Para comprender cómo numerosas sociedades se acercan a este ideal, es esencial distinguir entre los objetivos que se persiguen, la filosofía del imperio de la ley y los instrumentos necesarios para hacerla realidad.
Los objetivos incluyen fortalecer la justicia, la seguridad, los derechos individuales y la prosperidad. Por supuesto, el entendimiento de estos evoluciona con el tiempo, la cultura y las circunstancias, así como lo debe hacer la ley.
Contar con objetivos, sin embargo, no asegura que estos coincidan con el interés personal de los políticos o los funcionarios. Ante esta realidad, emerge la filosofía del imperio de la ley, una teoría de gobernabilidad que se apoya en una serie de estructuras legales y sociales empleadas para promover el orden al prevenir el ejercicio arbitrario y caprichoso del poder estatal. Esto significa que, a través de la organización del poder dentro del Gobierno, se debe asegurar que quienes crean, interpretan y aplican las leyes sean imparciales y profesionales, para que sus decisiones no sean tomadas de forma arbitraria.

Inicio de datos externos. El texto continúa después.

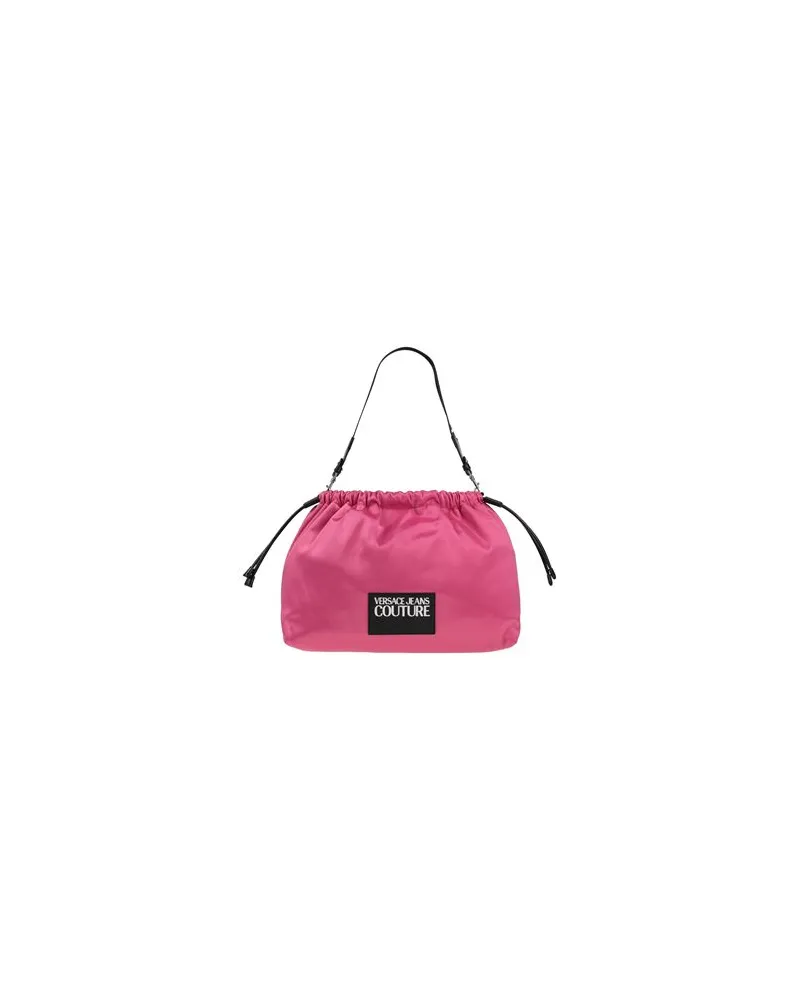 Versace Jeans TASCHEN - Schultertaschenauf YOOX.COM Fuchsia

Los objetivos y el imperio de la ley están relacionados, pero a la vez son dos asuntos distintos. El entendimiento de lo que es justo no garantiza que aquellos encargados de crear, interpretar y aplicar las leyes lo hagan de manera imparcial y lógica. Por el contrario, es prácticamente seguro que los políticos y los funcionarios actuarán en función de sus intereses personales, y esto no se puede evitar. Entonces, ¿cuál es la solución?
La clave para lograr el imperio de la ley radica en una serie de instrumentos que promueven la imparcialidad y la lógica, además de frenos y contrapesos que dificultan el uso arbitrario de la autoridad. Estos instrumentos incluyen elecciones libres, un sistema legal profesional y códigos de conducta ética. Sin embargo, la experiencia ha demostrado que estos elementos, por sí solos, no resultan suficientes.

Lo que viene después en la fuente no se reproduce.